Il y a un passage, dans l’Épître de Paul aux Philippiens, qui aborde cette question. C’est un texte très étonnant parce que Paul a effectivement bien des raisons de râler puisqu’il est en prison. Et pourtant, au cœur de sa détresse, Paul dit là où il se trouve, toute la joie et le contentement parfait. Alors quel est son secret ?

Lisons ce texte pour nous en rendre compte… (Philippiens 4 v 10-13)

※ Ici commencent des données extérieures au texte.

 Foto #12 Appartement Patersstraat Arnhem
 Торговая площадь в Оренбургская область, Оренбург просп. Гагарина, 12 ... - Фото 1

« Je me suis grandement réjoui, dans le Seigneur, de voir enfin refleurir votre intérêt pour moi. Cet intérêt, vous l’aviez bien, mais l’occasion vous manquait. 11 Je ne dis pas cela en raison d’un manque ; moi, en effet, j’ai appris à me contenter de l’état où je me trouve. 12 Je sais vivre humblement comme je sais vivre dans l’abondance. En tout et partout, j’ai appris à être rassasié et à avoir faim, à être dans l’abondance et à être dans le manque. 13Je peux tout en Celui qui me rend puissant. »

Paul est en prison (à Rome, ou ailleurs). Paul se réjouit de ce que les chrétiens de l’Église de Philippes, en Macédoine, ont décidé de lui envoyer un soutien financier bienvenu, parce que les prisonniers étaient à l’époque dépendants d’aides matérielles extérieures pour survivre dans leur cachot.

Mais ce qu’il faut savoir, c’est qu’il est certain que l’Église de Philippes était alors dans une situation financière difficile et qu’elle n’avait pas pu aider Paul autant qu’elle le souhaitait. C’est ce qu’on peut comprendre, entre les lignes, quand Paul dit que « Cet intérêt, vous l’aviez bien, mais l’occasion vous manquait. ». Donc, Paul se réjouit de ce soutien. En même temps, tout en disant sa reconnaissance pour le don qui arrivait, Paul veut prendre le temps de dire quelques mots sur le contentement. Il déclare :

« Je ne dis pas cela [sa joie, sa reconnaissance] en raison d’un manque ; moi, en effet, j’ai appris à me contenter de l’état où je me trouve. »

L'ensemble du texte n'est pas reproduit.